- ACTIVITY -
Leaving out every picture, copy the lines of the data exactly, from the first through the line containing "Podgląd witryny Motor".

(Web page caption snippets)
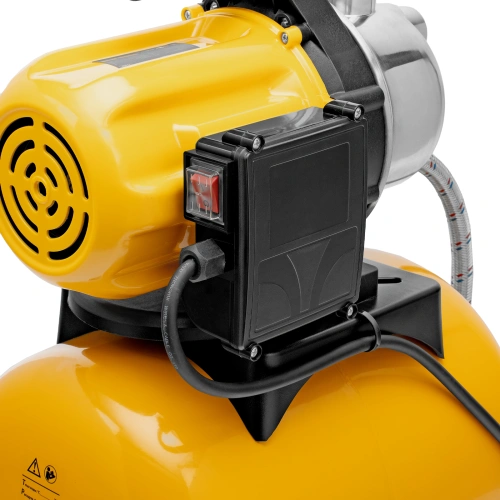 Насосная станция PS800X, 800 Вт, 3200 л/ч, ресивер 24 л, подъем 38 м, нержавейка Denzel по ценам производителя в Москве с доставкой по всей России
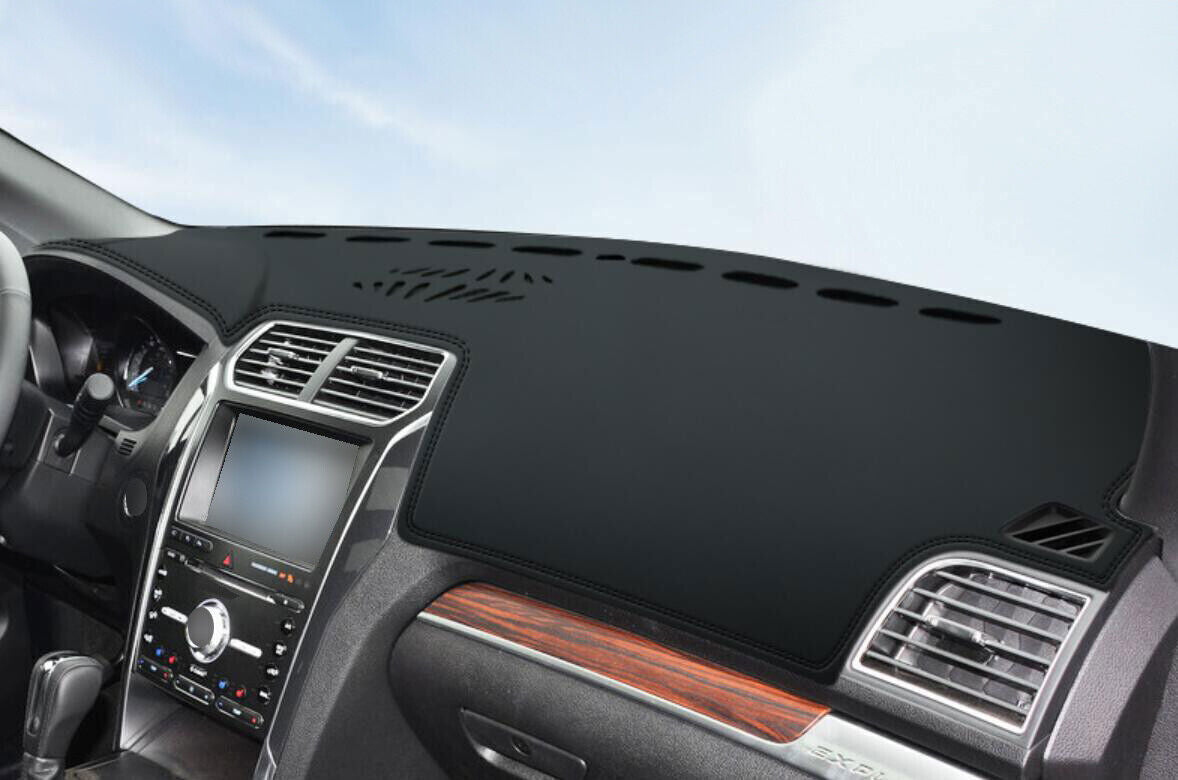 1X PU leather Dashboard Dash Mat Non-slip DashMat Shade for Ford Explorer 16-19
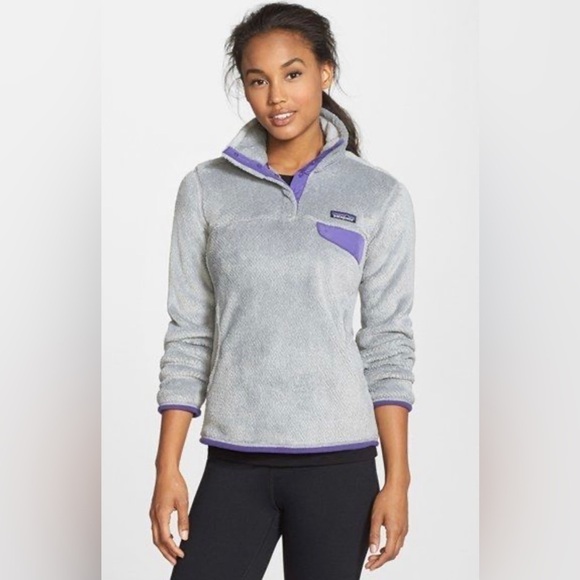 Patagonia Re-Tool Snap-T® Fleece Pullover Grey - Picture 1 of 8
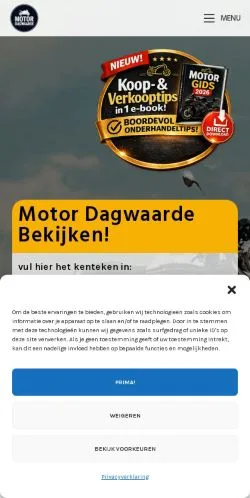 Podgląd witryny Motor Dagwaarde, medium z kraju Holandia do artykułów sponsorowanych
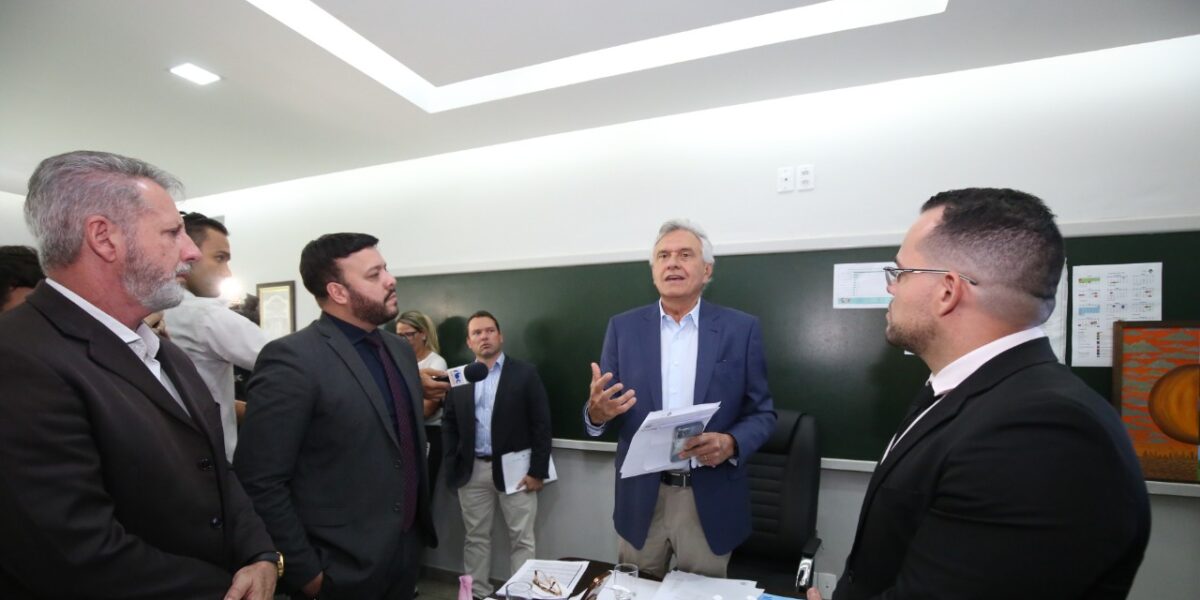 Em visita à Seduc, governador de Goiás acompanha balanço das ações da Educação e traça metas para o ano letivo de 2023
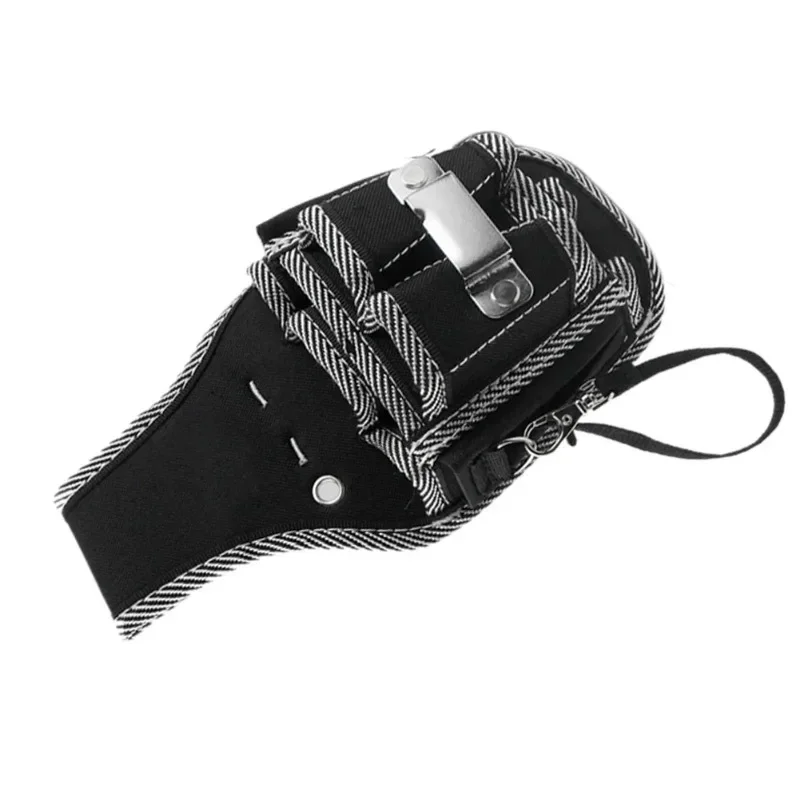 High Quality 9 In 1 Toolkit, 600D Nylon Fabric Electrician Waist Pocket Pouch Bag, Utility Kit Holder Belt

- WRITTEN ANSWER -
 Насосная станция PS800X, 800 Вт, 3200 л/ч, ресивер 24 л, подъем 38 м, нержавейка Denzel по ценам производителя в Москве с доставкой по всей России
 1X PU leather Dashboard Dash Mat Non-slip DashMat Shade for Ford Explorer 16-19
 Patagonia Re-Tool Snap-T® Fleece Pullover Grey - Picture 1 of 8
 Podgląd witryny Motor Dagwaarde, medium z kraju Holandia do artykułów sponsorowanych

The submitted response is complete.